The Church has understood, from the earliest times, that “the New Testament lies hidden in the Old and the Old Testament is unveiled in the New” (CCC 129) and that a type is an Old Testament sign of a New Testament reality (CCC 128-130). In order to gain a complete understanding of the Old Testament and how Christ's Church is revealed, we have to read the Scriptures in terms of types.

A number of non-Catholics complain about a typological reading of Scripture – especially as typology supports a number of key Catholic doctrines! - saying that the original events should be understood simply as those events, and never be looked at as a “preview” of a New Testament reality. Typology is derided as a non-Scriptural practice.

There are two ways to deal with this – the first is to refute the notion of sola scriptura and to point out that the early Christian writers (that is, those who were writing outside the Scriptures) used and even relied on typology. It was a standard way of understanding religious texts during the first century.

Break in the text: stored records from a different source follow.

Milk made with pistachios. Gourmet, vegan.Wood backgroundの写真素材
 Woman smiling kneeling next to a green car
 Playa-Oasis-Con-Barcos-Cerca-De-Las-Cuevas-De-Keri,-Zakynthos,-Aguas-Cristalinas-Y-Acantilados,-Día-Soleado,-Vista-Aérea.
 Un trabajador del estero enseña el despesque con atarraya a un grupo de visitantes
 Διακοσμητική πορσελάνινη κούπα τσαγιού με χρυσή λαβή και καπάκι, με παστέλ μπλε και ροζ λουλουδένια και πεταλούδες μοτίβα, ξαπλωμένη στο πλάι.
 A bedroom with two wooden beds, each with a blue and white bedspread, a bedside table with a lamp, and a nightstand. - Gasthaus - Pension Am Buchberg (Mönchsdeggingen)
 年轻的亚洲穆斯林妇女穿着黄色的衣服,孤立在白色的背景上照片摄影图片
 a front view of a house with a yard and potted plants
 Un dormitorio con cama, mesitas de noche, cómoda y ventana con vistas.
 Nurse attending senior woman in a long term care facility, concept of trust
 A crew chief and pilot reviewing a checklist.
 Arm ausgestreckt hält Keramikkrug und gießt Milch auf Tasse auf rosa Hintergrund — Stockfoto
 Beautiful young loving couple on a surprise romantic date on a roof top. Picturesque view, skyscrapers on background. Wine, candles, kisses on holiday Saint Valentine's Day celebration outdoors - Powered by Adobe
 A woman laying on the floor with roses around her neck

The second important point to make is that a typological reading of the Scriptures is not just something which later Christians have come up with, but is in fact mandated by Sacred Scripture itself. In Matthew 12:40, Jesus teaches us that the story of Jonah and the great fish is a prefiguration of Jesus in the tomb.

For just as Jonah was three days and three nights in the belly of the whale, so will the Son of man be three days and three nights in the heart of the earth.

The phrase “type” specifically appears in Romans 5:14, where Saint Paul calls Adam a “type” of Christ;

Yet death reigned from Adam to Moses, even over those whose sins were not like the transgressions of Adam, who was a type of the one who was to come.

There are many more examples of types which are specifically and explicitly referenced in the New Testament. Good examples are John 3:14 (the bronze serpent is a type of Christ) and I Peter 3:19-21 (the Flood is a type of baptism). In many examples, these types are shown using metaphorical language, but in some cases the comparison is more explicit – as suits the importance of typology. For example, in I Corinthians we are told that the rock was Christ, not that it was merely like Christ. At the end of chapter 11 of Revelation and the beginning of 12, we are told that Saint John saw the “Ark of the Covenant”, which is immediately followed by a description of the “woman clothed with the sun”. This is a clear reference to the fact that the Ark of the Covenant was the woman clothed with the sun (who we can clearly tell is the mother of Jesus, Mary the Blessed Virgin).

In order to fully understand the New Testament, we must read it in light of the rich typology of the Old Testament.

There are many examples of typology in the Bible, all of which are interesting and relevant to our understanding of the Catholic faith. From a standpoint of pure apologetics, however, some are far more relevant than others. Accordingly, these articles cover a number of specific examples of typology in separate articles while other examples of typology are covered within other articles. This should not be taken to mean, however, that there are no other examples of typology than the ones given in these articles.